Cuetzalan
Cuetzalan ofrece una rica mezcla de atractivos prehispánicos y coloniales acariciados por la neblina, así como cascadas y cavernas en sus alrededores. En la Sierra Norte de Puebla se ubica este Pueblo Mágico que conserva las tradiciones de su pasado indígena, donde los habitantes aún se visten como sus antepasados y no olvidan la Danza de los Voladores. Está situado entre profundas y exuberantes barrancas, que acompañadas por la niebla, lo dotan de un paisaje hermoso y un clima cálido-húmedo casi todo el año.
YOHUALICHAN
El nombre de Yohualichan ha sido interpretado como “La casa de la noche”, designación de origen nahua que quizá esté asociada a la profusión de cavernas en la región, las cuales pudieron ser el modelo, estilizado, de los nichos que caracterizan a las estructuras en el sitio.
Los totonacas debieron establecerse en Yohualichan a principios del periodo Clásico (200-900 d. C.) como una avanzada de los grupos de El Tajín, Veracruz, que se encuentra en línea recta aproximadamente a 60 km.
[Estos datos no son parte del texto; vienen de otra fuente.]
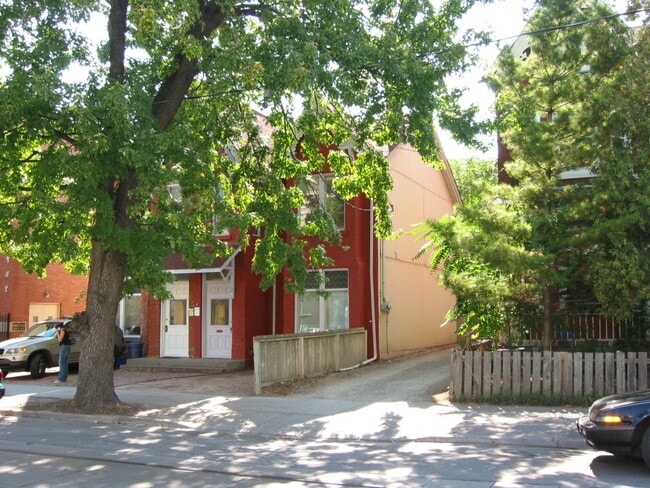 Photo - 210 Mccaul St Unit Lower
La parte más conocida de esta zona con influencia de El Tajín es aquella donde se aprecia una arquitectura monumental semejante a la de la metrópoli. Se trata de un centro ceremonial que se estableció sobre una serie de plataformas naturales. Los edificios se ordenaron alrededor de una gran plaza rectangular, de tal manera que uno de ellos quedó aislado intencionalmente en el lado norte. Un juego de pelota de alrededor de 94 metros de largo delimitaba con muros verticales y pequeñas banquetas en los extremos que otorgan la tradicional forma de doble T. Se sabe que en el Posclásico (900 a 1521 d. C.), hubo importantes reacomodos de población, principalmente desplazamientos de las zonas áridas a otras con mejores posibilidades, lo que generó enfrentamientos con los grupos que habitaban las tierras fértiles. Es posible que los Totonacos, habitantes de Yohualichan, hayan sido desplazados por estas invasiones, sin embargo, el desarrollo cultural de la ciudad aún está por explorarse.